Exercise requirements
Only one stretch of the data below is needed. Output the lines from the one with "Tarjeta de felicitación" up to and including the one with "Picasee 3D zaštitno", exactly as they stand.

Source material
'''

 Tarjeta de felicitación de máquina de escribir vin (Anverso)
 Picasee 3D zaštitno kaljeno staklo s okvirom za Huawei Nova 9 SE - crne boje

'''
'''

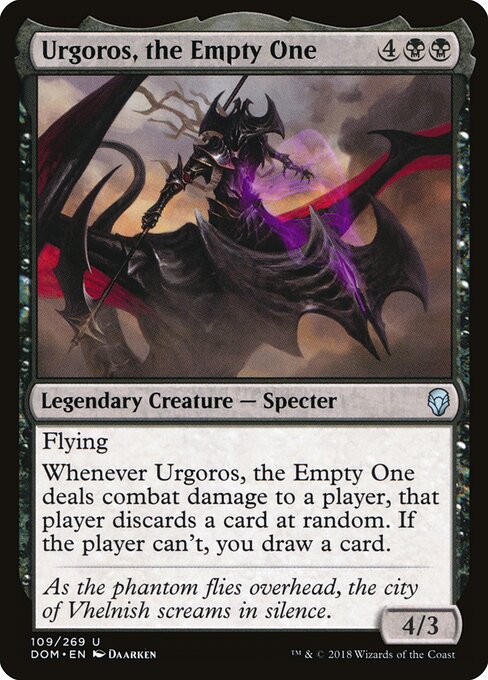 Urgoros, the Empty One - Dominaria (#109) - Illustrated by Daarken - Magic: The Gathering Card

'''
'''

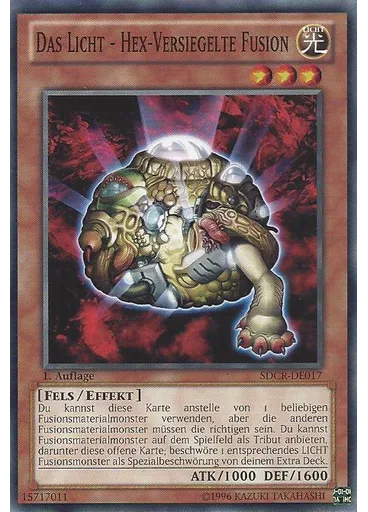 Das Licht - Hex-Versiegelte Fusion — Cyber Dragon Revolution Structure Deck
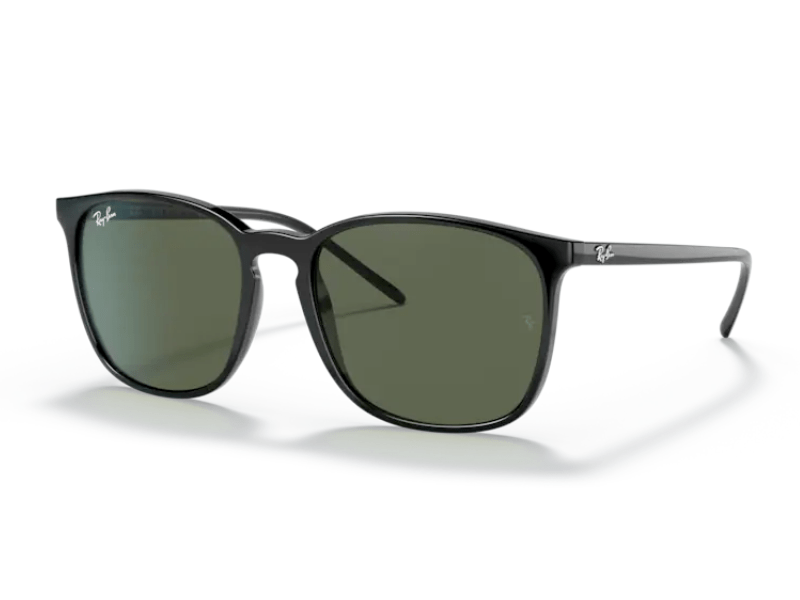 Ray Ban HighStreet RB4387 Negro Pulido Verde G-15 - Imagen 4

'''

Exercise result
 Tarjeta de felicitación de máquina de escribir vin (Anverso)
 Picasee 3D zaštitno kaljeno staklo s okvirom za Huawei Nova 9 SE - crne boje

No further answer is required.